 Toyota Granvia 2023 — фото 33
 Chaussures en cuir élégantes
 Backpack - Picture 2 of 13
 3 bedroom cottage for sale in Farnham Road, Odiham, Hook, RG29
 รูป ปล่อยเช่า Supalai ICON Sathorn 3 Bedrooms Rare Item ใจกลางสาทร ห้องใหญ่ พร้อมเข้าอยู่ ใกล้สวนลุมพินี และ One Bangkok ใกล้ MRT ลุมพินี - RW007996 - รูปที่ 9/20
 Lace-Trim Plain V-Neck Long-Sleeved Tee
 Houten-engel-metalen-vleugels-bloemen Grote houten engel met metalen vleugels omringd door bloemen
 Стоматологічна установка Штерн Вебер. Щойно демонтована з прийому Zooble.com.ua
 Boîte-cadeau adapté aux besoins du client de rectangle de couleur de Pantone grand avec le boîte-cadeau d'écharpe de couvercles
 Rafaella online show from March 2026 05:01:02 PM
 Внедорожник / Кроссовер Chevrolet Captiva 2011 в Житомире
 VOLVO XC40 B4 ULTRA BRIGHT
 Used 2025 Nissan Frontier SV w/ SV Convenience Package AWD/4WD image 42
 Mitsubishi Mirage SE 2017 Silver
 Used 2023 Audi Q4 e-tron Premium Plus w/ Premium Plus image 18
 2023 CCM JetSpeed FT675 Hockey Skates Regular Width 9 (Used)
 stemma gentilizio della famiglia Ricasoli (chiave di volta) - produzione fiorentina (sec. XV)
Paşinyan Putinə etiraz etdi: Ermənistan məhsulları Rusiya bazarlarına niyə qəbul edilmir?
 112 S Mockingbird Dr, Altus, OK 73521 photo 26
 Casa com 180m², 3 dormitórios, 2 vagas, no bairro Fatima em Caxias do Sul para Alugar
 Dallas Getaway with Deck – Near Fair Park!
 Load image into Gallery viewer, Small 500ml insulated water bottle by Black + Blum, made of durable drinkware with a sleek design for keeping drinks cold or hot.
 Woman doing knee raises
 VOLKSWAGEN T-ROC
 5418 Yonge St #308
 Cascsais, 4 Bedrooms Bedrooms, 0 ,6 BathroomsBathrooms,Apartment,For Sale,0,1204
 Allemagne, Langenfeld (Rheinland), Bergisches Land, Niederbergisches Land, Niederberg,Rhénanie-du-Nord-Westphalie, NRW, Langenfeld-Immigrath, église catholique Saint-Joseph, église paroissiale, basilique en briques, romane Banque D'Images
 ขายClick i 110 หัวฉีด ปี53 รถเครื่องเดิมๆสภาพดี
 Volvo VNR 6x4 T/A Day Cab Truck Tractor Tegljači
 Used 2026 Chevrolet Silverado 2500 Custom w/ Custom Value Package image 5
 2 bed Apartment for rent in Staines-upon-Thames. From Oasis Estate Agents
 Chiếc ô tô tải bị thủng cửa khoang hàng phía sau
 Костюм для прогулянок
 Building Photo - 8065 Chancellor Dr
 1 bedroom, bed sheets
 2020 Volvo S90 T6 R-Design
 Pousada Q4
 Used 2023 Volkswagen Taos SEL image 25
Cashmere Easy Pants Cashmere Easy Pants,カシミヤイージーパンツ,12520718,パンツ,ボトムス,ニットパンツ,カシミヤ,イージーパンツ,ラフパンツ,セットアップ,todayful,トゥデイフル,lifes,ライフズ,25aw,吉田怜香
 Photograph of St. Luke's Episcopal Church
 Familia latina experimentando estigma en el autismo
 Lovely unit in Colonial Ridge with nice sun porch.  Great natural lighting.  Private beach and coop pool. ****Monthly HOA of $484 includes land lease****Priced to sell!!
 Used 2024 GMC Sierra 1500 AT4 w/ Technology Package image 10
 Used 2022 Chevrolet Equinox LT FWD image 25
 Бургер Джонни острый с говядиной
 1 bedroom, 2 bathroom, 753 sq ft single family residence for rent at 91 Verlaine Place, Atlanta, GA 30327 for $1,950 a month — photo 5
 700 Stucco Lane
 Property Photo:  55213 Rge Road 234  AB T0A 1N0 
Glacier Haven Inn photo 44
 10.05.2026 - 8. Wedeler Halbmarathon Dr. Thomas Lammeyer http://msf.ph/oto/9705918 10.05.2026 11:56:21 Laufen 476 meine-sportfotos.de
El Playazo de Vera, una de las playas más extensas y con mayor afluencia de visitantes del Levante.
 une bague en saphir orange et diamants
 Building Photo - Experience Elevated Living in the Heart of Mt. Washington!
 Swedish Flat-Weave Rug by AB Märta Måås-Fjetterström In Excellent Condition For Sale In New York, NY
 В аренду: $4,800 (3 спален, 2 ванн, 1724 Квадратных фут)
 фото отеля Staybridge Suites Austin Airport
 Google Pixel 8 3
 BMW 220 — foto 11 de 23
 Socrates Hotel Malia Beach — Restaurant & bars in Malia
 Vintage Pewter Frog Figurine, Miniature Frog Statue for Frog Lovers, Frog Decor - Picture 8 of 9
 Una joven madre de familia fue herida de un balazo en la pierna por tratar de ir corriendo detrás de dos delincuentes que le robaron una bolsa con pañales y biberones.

※

*EXERCISE AIM*
Above are the records; copy exactly the lines from the line with "Lovely unit in" through the line with "Socrates Hotel Malia", both included.

*OUTPUT FOR THIS EXERCISE*
 Lovely unit in Colonial Ridge with nice sun porch.  Great natural lighting.  Private beach and coop pool. ****Monthly HOA of $484 includes land lease****Priced to sell!!
 Used 2024 GMC Sierra 1500 AT4 w/ Technology Package image 10
 Used 2022 Chevrolet Equinox LT FWD image 25
 Бургер Джонни острый с говядиной
 1 bedroom, 2 bathroom, 753 sq ft single family residence for rent at 91 Verlaine Place, Atlanta, GA 30327 for $1,950 a month — photo 5
 700 Stucco Lane
 Property Photo:  55213 Rge Road 234  AB T0A 1N0 
Glacier Haven Inn photo 44
 10.05.2026 - 8. Wedeler Halbmarathon Dr. Thomas Lammeyer http://msf.ph/oto/9705918 10.05.2026 11:56:21 Laufen 476 meine-sportfotos.de
El Playazo de Vera, una de las playas más extensas y con mayor afluencia de visitantes del Levante.
 une bague en saphir orange et diamants
 Building Photo - Experience Elevated Living in the Heart of Mt. Washington!
 Swedish Flat-Weave Rug by AB Märta Måås-Fjetterström In Excellent Condition For Sale In New York, NY
 В аренду: $4,800 (3 спален, 2 ванн, 1724 Квадратных фут)
 фото отеля Staybridge Suites Austin Airport
 Google Pixel 8 3
 BMW 220 — foto 11 de 23
 Socrates Hotel Malia Beach — Restaurant & bars in Malia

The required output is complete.